Paralititan

| Key | Value |
|---|---|
| Name Meaning | “tidal giant” |
| Location | Egypt |
| Time Period | c. 95 million years ago (Late Cretaceous) |
| Length | 85 ft (26 m) |
| Weight | 42 tons (38,000 kg) |
| Locomotion | Quadruped |
| Diet | Herbivore |
| Described | 2001 (Smith et al.) |
| Geological Formation(s) | Bahariya |
| Valid Species | Paralititan stromeri (type) |
Phylogeny: Dinosauria > Saurischia > Sauropodomorpha > Plateosauria > Massopoda > Sauropoda > Gravisauria > Eusauropoda > Neosauropoda > Macronaria > Somphospondyli > Titanosauria > Lithostrotia > Saltasauridae
Overview: Fossils of large-bodied dinosaurs are far from unheard of in Egypt’s Bahariya Formation, but Paralititan was particularly enormous. Length estimates put it at around eighty-five feet or twenty-six meters long, with a weight of between thirty to fifty tons. It lived during the earliest part of the Late Cretaceous, or about ninety-five million years ago. Sauropods had long since reached such sizes, but Paralititan belonged to a specific group that would give rise to some of the largest terrestrial animals ever recorded - the Titanosauria. Some titanosaurs, including Argentinosaurus and Patagotitan, grew to be even larger than Paralititan. Not all titanosaurs were huge, however. Some of the smallest known sauropods also belonged to this lineage. Within the larger clade Titanosauria, most studies place Paralititan within the family Saltasauridae, making it a somewhat more derived titanosaur. Titanosaurs first appear in the fossil record during the earliest days of the Cretaceous, eventually replacing most other sauropod groups like the diplodocids.
Formally described as a genus in 2001, Paralititan is based on relatively limited fossils, mainly made up of a few vertebrae and a large limb bone. These fossils preserve enough features to reveal how it should be classified, but also enough to get some decent size estimates. Paralititan was probably the largest animal in its local environment, which would’ve primarily been along the northern coast of what is now North Africa. This region would’ve been far wetter than it is today.
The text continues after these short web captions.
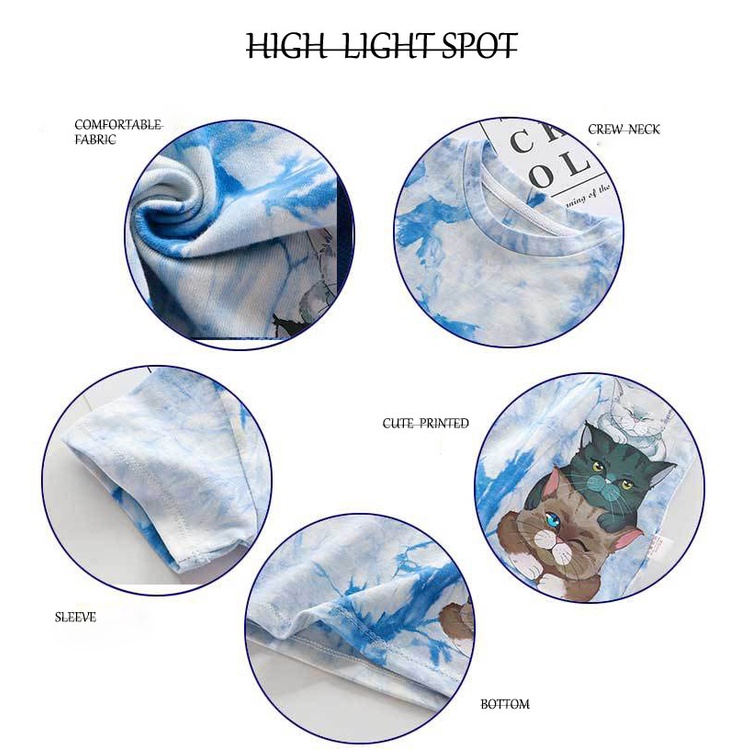 Áo Thun Tay Ngắn Vải Cotton Thoáng Khí In Hoạt Hình Mèo Kiểu Hàn Quốc Thời Trang Mùa Hè Cho Bé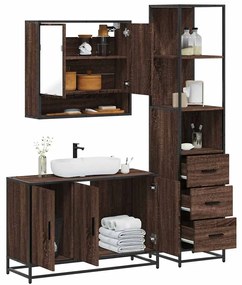 vidaXL Set mobilier de baie, 3 piese, stejar maro, lemn prelucrat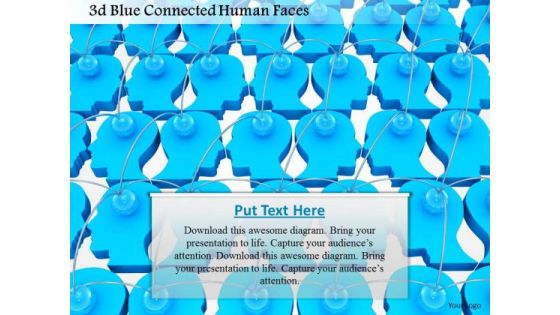 Stock Photo 3d Blue Connected Human Faces PowerPoint Slide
Paralititan had a wide variety of plants to feed upon growing along tidal flats, lagoons and mangrove swamps. Its generic name, meaning “tidal giant”, refers to this habitat. The specific name, P. stromeri, honors the German paleontologist Ernst Stromer, who first described fossils from the Bahariya Formation. Paralititan notably lived in a region with a high diversity of large predatory theropods. This included the famous Spinosaurus, though it primarily hunted aquatic animals. Other genera like Carcharodontosaurus and the related Tameryraptor were another matter, however.